The actual code that was put into this fix was a lot less work than helping my fellow developer QA the monstrosity that is our backup and restore task. Aside from the smallest of configuration tweaks to get his local machine running like mine, he ran into an error that does a terrible job of explaining what it means. The offender is this:
pg_restore: [archiver] did not find magic string in file header
(Gotta say, I find the “magic string” bit hilarious, since my instructor at code school specifically wanted to take the magic — not the fun — out of programming.)
Let me back up for a second. What’s happening here is I’m using pg_dump to create a backup of a database that we currently have — either development, staging, or production for a given customer. This *dumps* everything into a nice, neat, zipped folder, and within that folder is a massive SQL file that says exactly what’s happening when I run the backup task.
Then I run the restore task with pg_restore, and that looks in my zipped folder, grabs the SQL file, and runs it to restore all the data from whatever database I got the backup from. More specifically, it drops any existing database objects to start clean, generates all your tables, sequences, indices, etc. and then it adds back your data. So the same thing that goes out must come back in. That’s where our magic string error comes into play.

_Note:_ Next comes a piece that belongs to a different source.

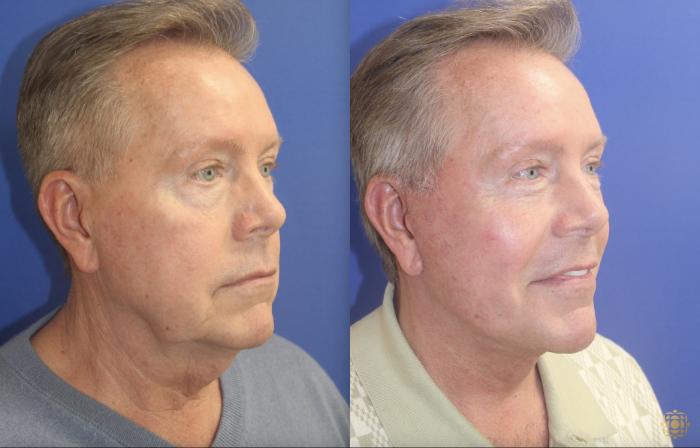 Before & After Face & Neck Lift Case 404 Right Oblique View in Newport Beach, CA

With both the dump and restore tasks, you can specify options for your SQL file. In this case, I needed to use this option:
This means I’m using a custom format. The Postgres documentation defines this option as such:
Output a custom-format archive suitable for input into pg_restore. Together with the directory output format, this is the most flexible output format in that it allows manual selection and reordering of archived items during restore. This format is also compressed by default.
I was using this option for the restore, but not for the backup. What happens when you try to restore with a custom format but the backup was created with plain format? Ding ding ding! An error! Luckily, this is an easy fix once diagnosed. Add
--format=c to both the dump and restore options, and make sure to run pg_dump before you try to run your restore. pg_restore will thank you, and so will these kittens.